Worth's command gradually advanced to the front. . . . Later in the day in reconnoitring I found a church off to the south of the road, which looked to me as if the belfry would command the ground back of the garita San Cosme. I got an officer of the voltigeurs, with a mountain howitzer and men to work it, to go with me. The road being in possession of the enemy, we had to take the field to the south to reach the church. This took us over several ditches breast deep in water and grown up with water plants. These ditches, however, were not over eight or ten feet in width. The howitzer was taken to pieces and carried by the men to its destination. When I knocked for admission a priest came to the door, who, while extremely polite, declined to admit us. With the little Spanish then at my command, I explained to him that he might save property by opening the door, and he certainly would save himself from becoming a prisoner, for a time at least; and besides, I intended to go in whether he consented or not. He began
to see his duty in the same light that I did, and opened the door, though he did not look as if it gave him special pleasure to do so. The gun was carried to the belfry and put together. We were not more than two or three hundred yards from San Cosme. The shots from our little gun dropped in upon the enemy and created great confusion. Why they did not send out a small party and capture us, I do not know. We had no infantry or other defences besides our one gun.

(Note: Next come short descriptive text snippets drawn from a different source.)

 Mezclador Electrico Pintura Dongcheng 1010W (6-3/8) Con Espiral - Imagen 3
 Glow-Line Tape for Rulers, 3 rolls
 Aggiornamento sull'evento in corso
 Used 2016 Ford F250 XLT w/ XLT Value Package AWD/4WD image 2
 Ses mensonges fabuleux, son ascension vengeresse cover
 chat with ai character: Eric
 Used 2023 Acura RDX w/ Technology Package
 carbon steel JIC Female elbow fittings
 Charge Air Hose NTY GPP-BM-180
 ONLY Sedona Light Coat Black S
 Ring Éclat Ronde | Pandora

The effect of this gun upon the troops about the gate of the city was so marked that General Worth saw it from his position. He was so pleased that he sent a staff officer, Lieutenant Pemberton to bring me to him. He expressed his gratification at the services the howitzer in the church steeple was doing, saying that every shot was effective, and ordered a captain of voltigeurs to report to me with another howitzer to be placed along with the one already rendering so much service. I could not tell the General that there was not room enough in the steeple for another gun, because he probably would have looked upon such a statement as a contradiction from a second lieutenant. I took the captain with me, but did not use his gun.

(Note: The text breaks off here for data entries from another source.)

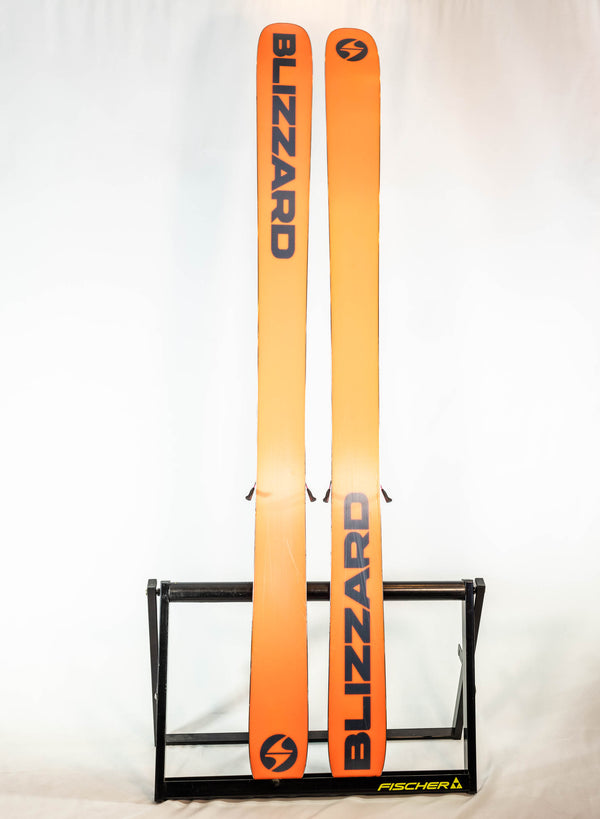 Blizzard Hustle 11 188 cm ski kit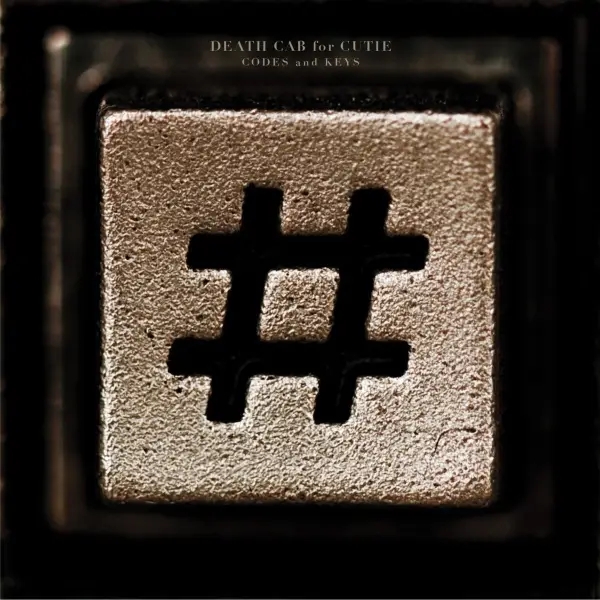 Album artwork for Codes And Keys by Death Cab For Cutie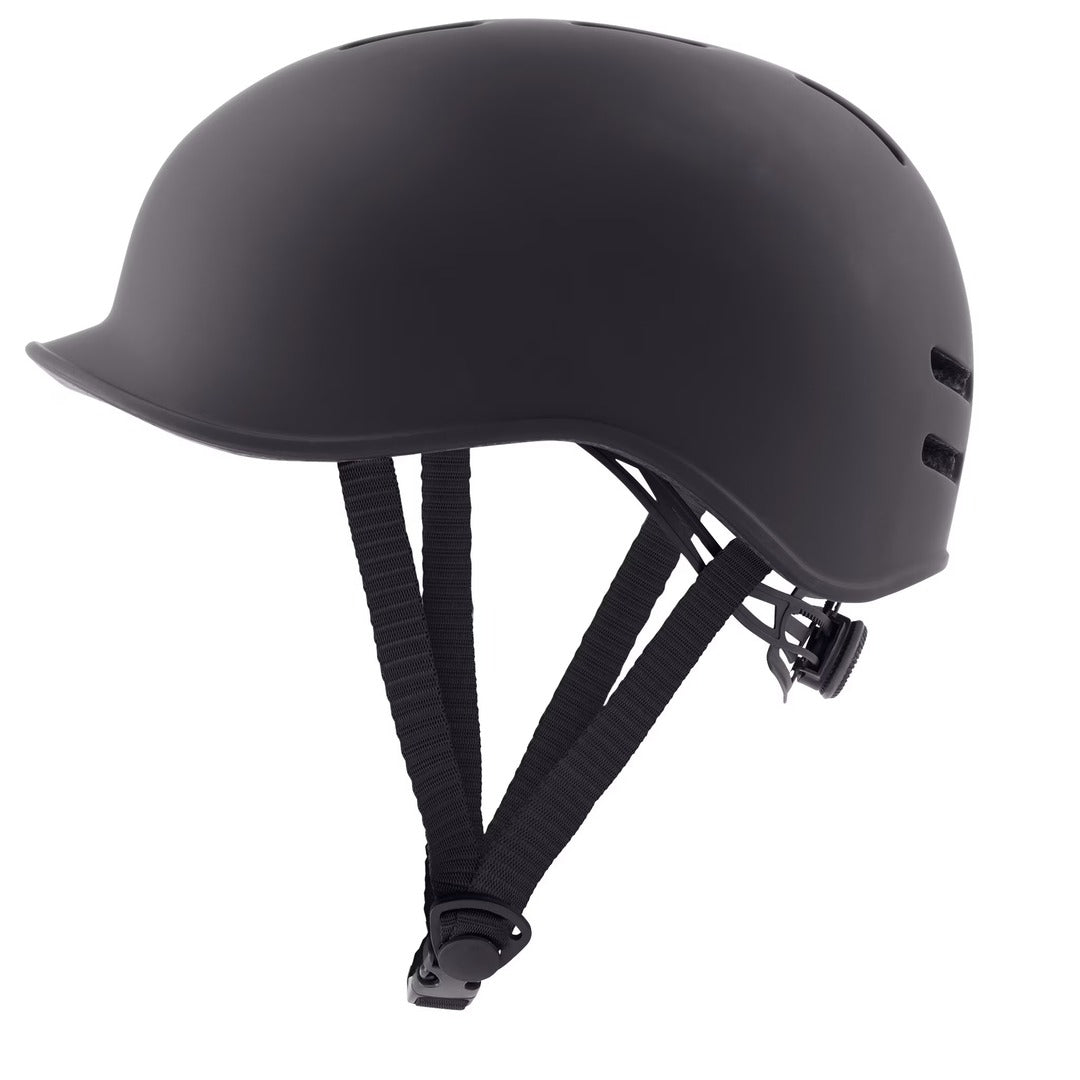 Goldline Senior U08 Curling Helmet black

U. S. Grant, Personal Memoirs (New York, 1885), I, 152–159 passim.
13. Capture of Mexico (1847)
BY GENERAL WINFIELD SCOTT
Scott served with honor in the War of 1812, and in 1841 became commander-inchief of the army. Like Taylor, he was a Whig. The Democratic administration with reluctance consented that he should command in person the expedition against Mexico, which he brought to the brilliant close described in the report given below. Scott was punctilious and brave and loyal, and in the Mexican War he showed himself a leader among soldiers. For Scott, see M. J. Wright, General Scott, passim, especially Preface. Bibliography as in No. 12 above.
HEAD-QUARTERS OF THE ARMY,
National Palace of Mexico, Sept. 18, 1847.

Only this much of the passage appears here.